* [WHAT THE TASK REQUIRES]: Find the line that contains "IMG_7753.jpeg" in the entries below. Restate it and every line after it, word for word, with no pictures.

(Caption-style text data)

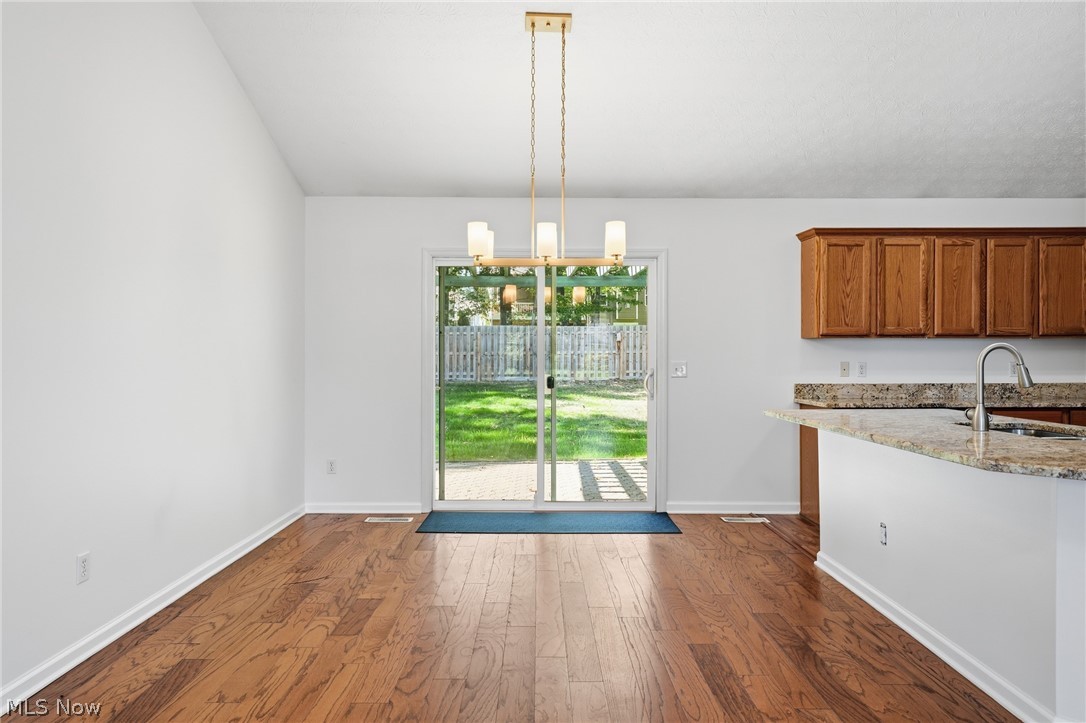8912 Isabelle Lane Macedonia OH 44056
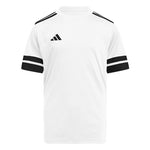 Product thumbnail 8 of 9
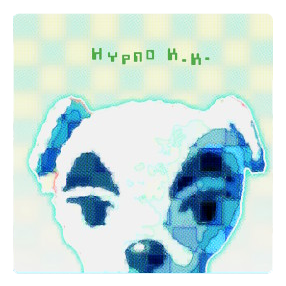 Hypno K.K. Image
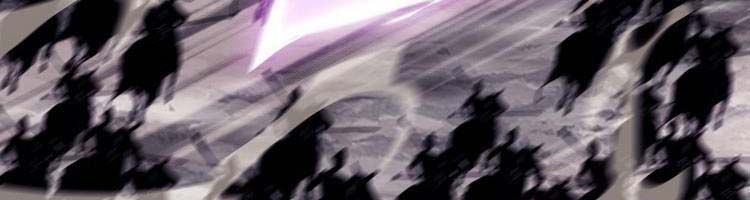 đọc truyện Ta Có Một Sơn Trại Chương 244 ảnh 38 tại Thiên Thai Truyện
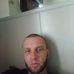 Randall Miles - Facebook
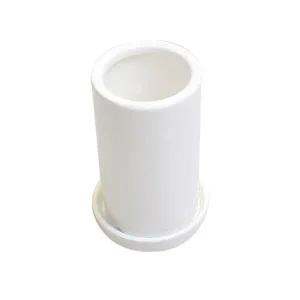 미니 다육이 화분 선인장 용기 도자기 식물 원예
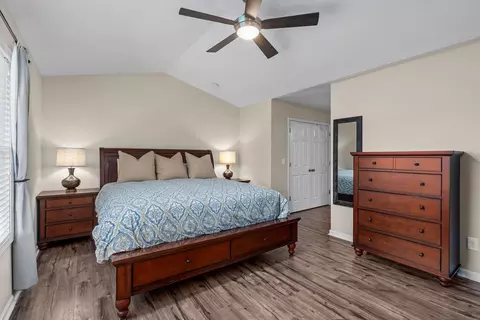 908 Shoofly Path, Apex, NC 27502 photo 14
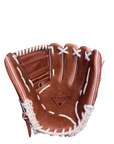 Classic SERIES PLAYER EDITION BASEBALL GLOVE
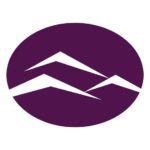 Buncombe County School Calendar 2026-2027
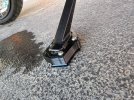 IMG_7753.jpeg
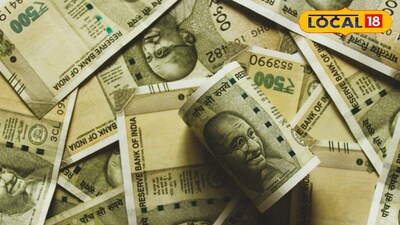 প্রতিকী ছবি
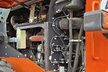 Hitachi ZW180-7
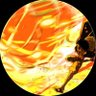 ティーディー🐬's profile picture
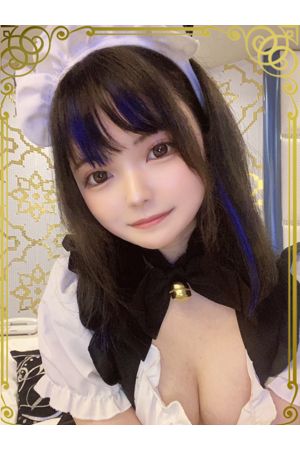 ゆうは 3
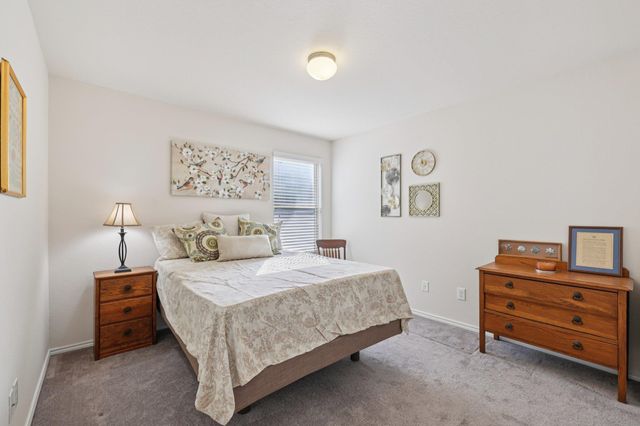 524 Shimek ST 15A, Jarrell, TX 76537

* [ANSWER TO THIS PROBLEM]:
 IMG_7753.jpeg
 প্রতিকী ছবি
 Hitachi ZW180-7
 ティーディー🐬's profile picture
 ゆうは 3
 524 Shimek ST 15A, Jarrell, TX 76537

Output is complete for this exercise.